### Aim of the exercise
Please, starting at the line that contains "قدرت‌نمایی لاجوردی‌پوشان ایتالیا", reproduce every line exactly until the records run out, skipping all pictures.

:: Data ::

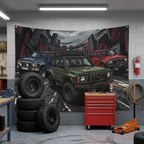 Nissan Patrol Y60 GQ Trio Off-Road Rugged Lineup Car Wall Art Tapestry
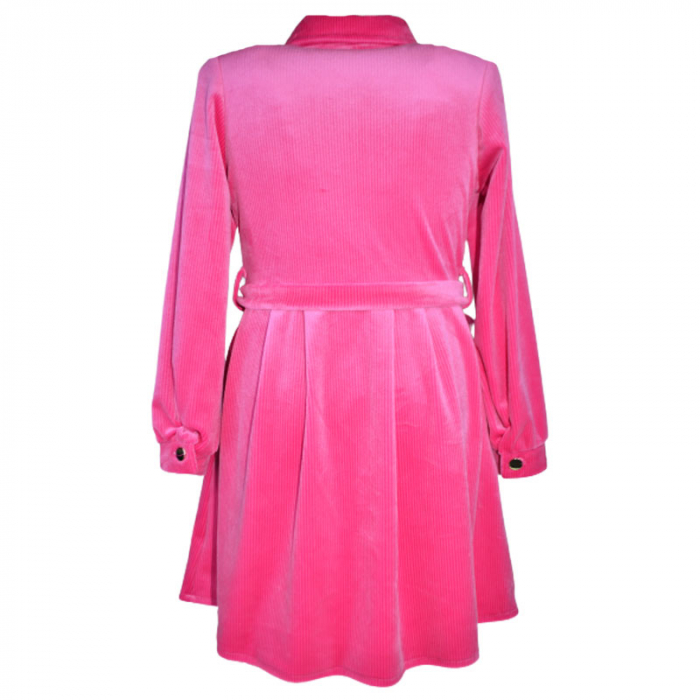 Rochie eleganta din catifea cu maneca lunga pentru fete Tylkomet 071123-2, Fucsia [2]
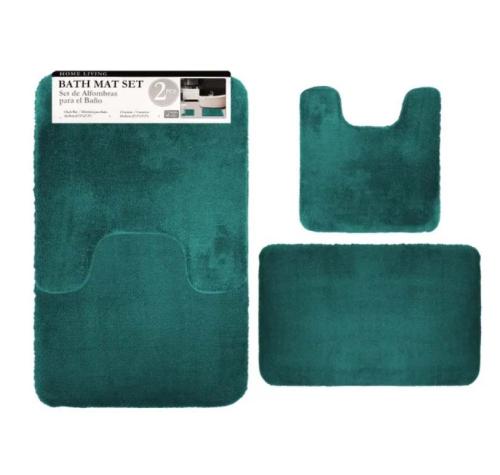 BATH SET 2PCS TURQUOISE SOLID MICRO FIBER HIGH PILE
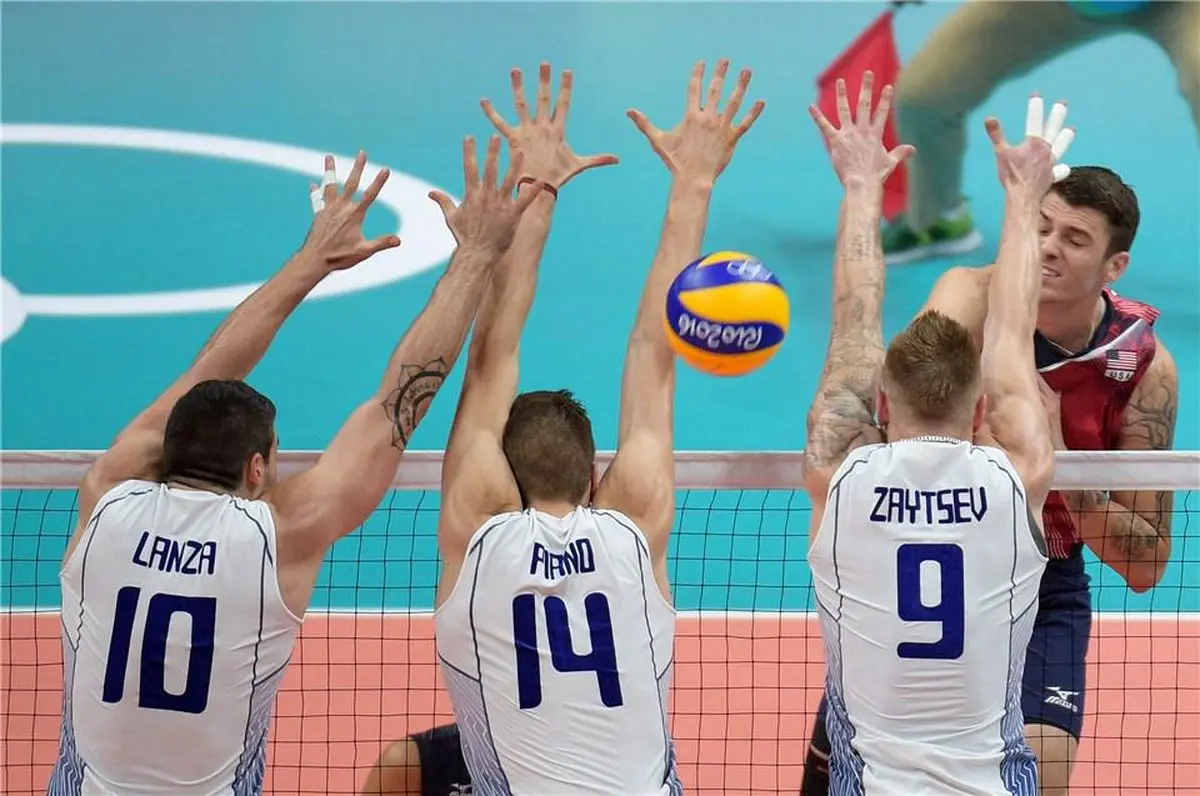 قدرت‌نمایی لاجوردی‌پوشان ایتالیا مقابل تیم ملی والیبال آمریکا
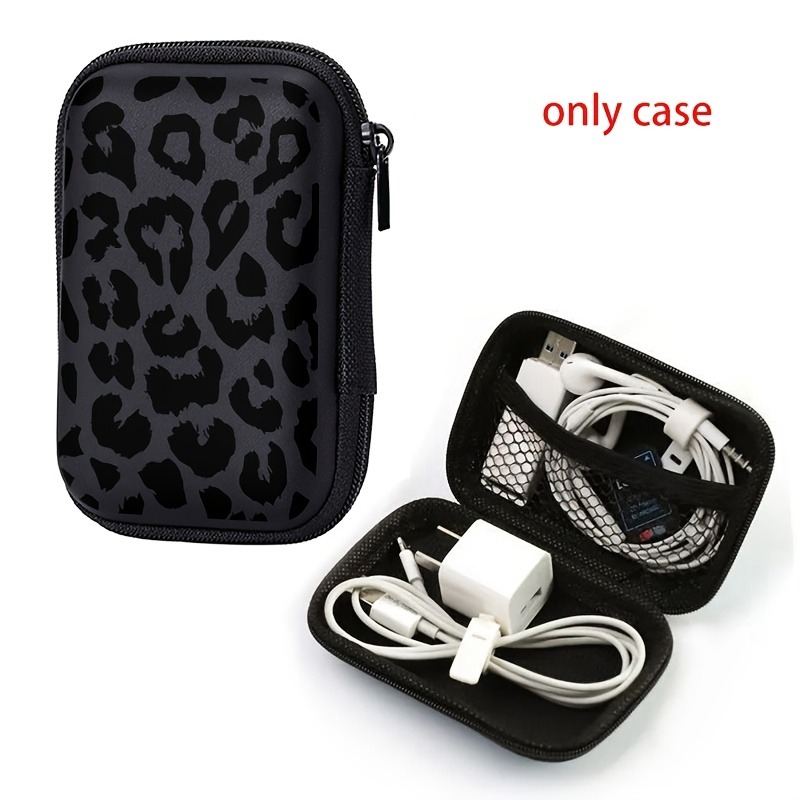 블랙 레오파드 프린트 EVA 하드 쉘 전자제품 정리함  - Travel Cable Organizer 리뷰 및 가격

:::

### Written answer
 قدرت‌نمایی لاجوردی‌پوشان ایتالیا مقابل تیم ملی والیبال آمریکا
 블랙 레오파드 프린트 EVA 하드 쉘 전자제품 정리함  - Travel Cable Organizer 리뷰 및 가격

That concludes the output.